From Reason Magazine. “The rent is too damn high—so each year Congress appropriates billions of dollars to address the nation’s collective housing needs. The programs vary from loans to tax credits to straight-up subsidies, but a common feature is that federal taxpayers pony up the dough and then a motley collection of state-level politicians, financing agencies, and housing authorities decide how it’s spent. Can you guess where things go wrong?”

“In theory, oversight is provided by bureaucrats in Washington tracking every dollar and by local leaders increasing their re-election prospects by providing housing assistance to their constituents as effectively as possible. In practice, the feds turn a blind eye to inefficient uses of the funds while local officials gleefully engage in politically advantageous graft.”

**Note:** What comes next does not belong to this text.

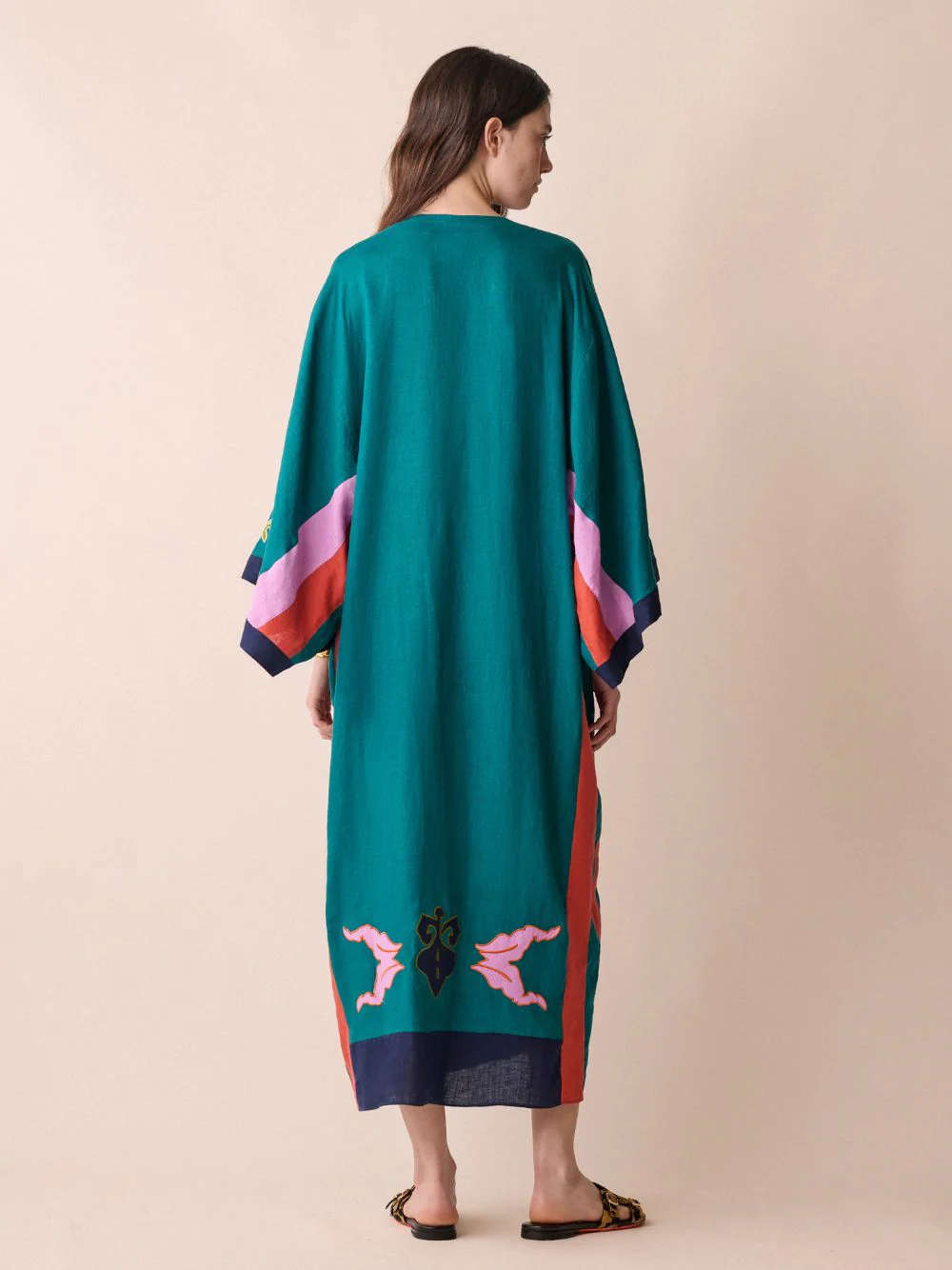 Cinnabar Linen Dress With Embroidered Patches - Image 5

“Take California Treasurer John Chiang. By virtue of his position on the three-member California Tax Credit Allocation Committee, Chiang exercises enormous influence over who gets $94.9 million each year in federal tax credits intended for developers of low-income housing. He has used this position to great effect, steering millions to major campaign donors.”

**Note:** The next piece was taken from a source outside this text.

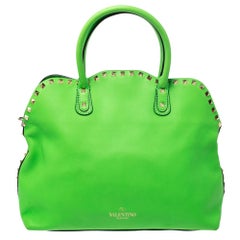 Valentino Neon Green Leather Rockstud Tote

“If California-style corruption isn’t your bag, perhaps you’ll appreciate the sheer incompetence of the Atlanta Housing Authority (AHA), which is currently struggling to get out of an expensive subsidy deal it literally forgot it made with local developer Integral. Over the past two decades, the AHA has awarded $114 million in federally funded loans to the company, which has yet to pay them back, and which now owes about $29 million in interest to the agency.”

“That did not stop former AHA chief Renee Glover from unilaterally agreeing to sell Integral $137 million worth of AHA-owned land for the bargain price of $20 million. Glover resigned in 2013, and the current leadership can’t recall this deal ever being made. They’re now suing to stop it from happening.”

“In Michigan, the state’s housing finance agency was given $761 million in Troubled Asset Relief Program funds to protect distressed homeowners from foreclosure during the Great Recession. Instead of using the money as intended, officials sat on it while thousands in Detroit had their homes seized for failure to pay property taxes. When the state did start spending its bailout funds, half the total went toward demolishing the homes left vacant by those tax foreclosures.”

“But all of this pales in comparison to the misdeeds of the Navajo Housing Authority (NHA), which is supposed to provide housing on the Navajo Indian reservation. In the past decade, the NHA has received some $803 million in federal funding while building slightly over 1,000 homes. That works out to $723,000 per home, or about 10 times the median home price in the Navajo community of Kayenta, Arizona. Much of the money was spent on structures that were either never finished or never occupied, including a women’s shelter that stood completed but empty for nearly 18 years while homeless people slept outside it.”